## Prompt:
Any picture must be dropped, but each line of the data should be duplicated exactly.

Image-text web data
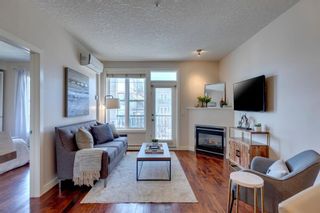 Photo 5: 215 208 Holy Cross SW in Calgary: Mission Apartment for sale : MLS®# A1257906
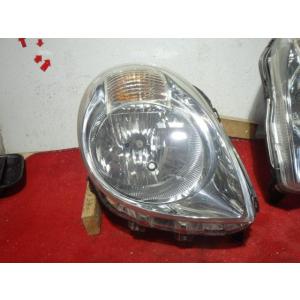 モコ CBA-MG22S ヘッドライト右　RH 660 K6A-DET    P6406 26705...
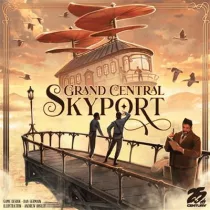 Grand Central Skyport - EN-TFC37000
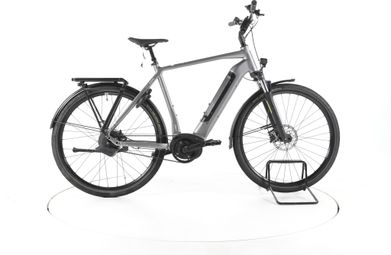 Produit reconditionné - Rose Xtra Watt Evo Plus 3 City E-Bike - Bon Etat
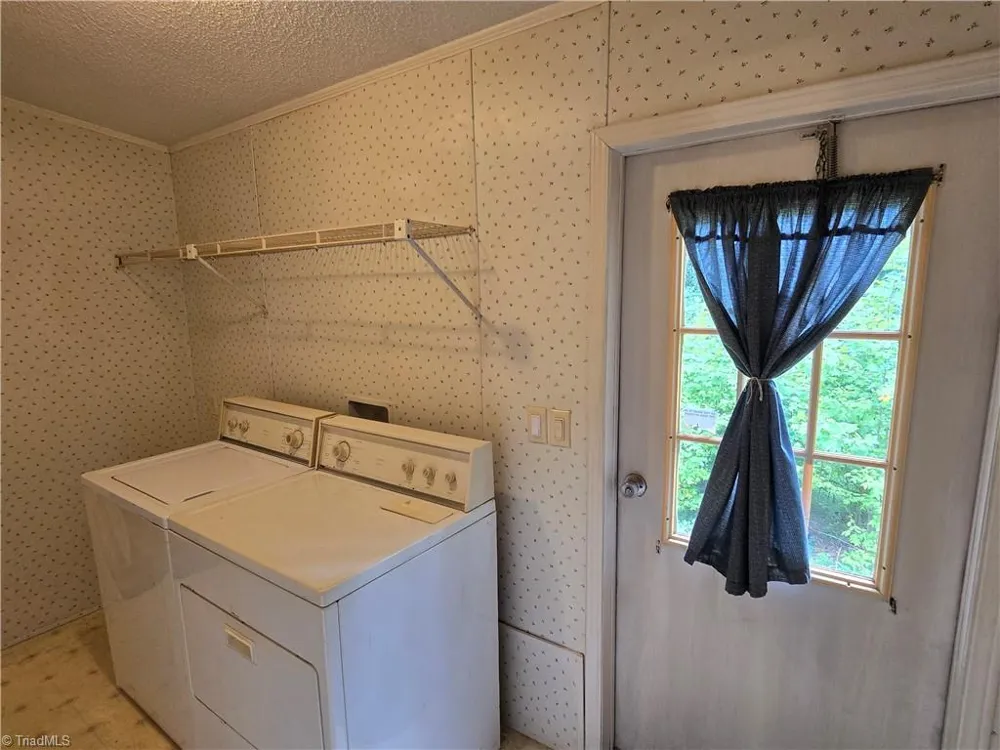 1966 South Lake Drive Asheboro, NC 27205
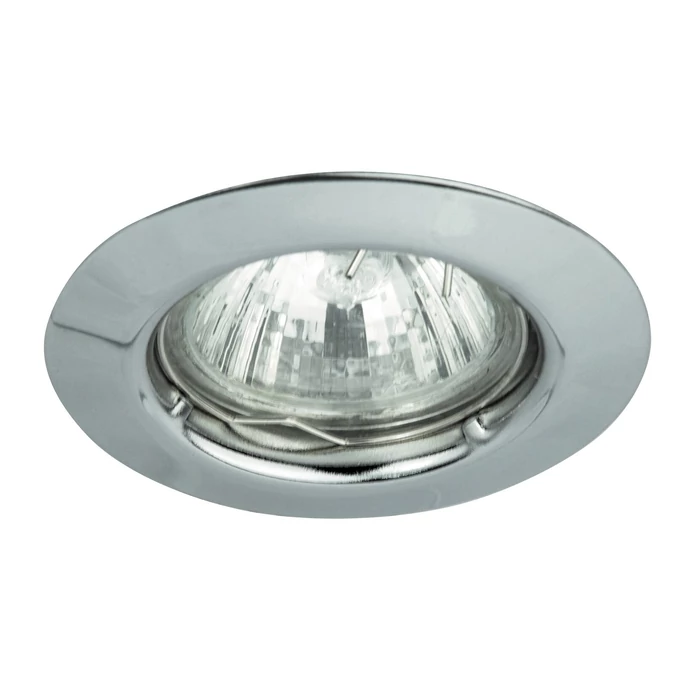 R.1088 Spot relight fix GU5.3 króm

## Written response:
 Photo 5: 215 208 Holy Cross SW in Calgary: Mission Apartment for sale : MLS®# A1257906
 モコ CBA-MG22S ヘッドライト右　RH 660 K6A-DET    P6406 26705...
 Grand Central Skyport - EN-TFC37000
 Produit reconditionné - Rose Xtra Watt Evo Plus 3 City E-Bike - Bon Etat
 1966 South Lake Drive Asheboro, NC 27205
 R.1088 Spot relight fix GU5.3 króm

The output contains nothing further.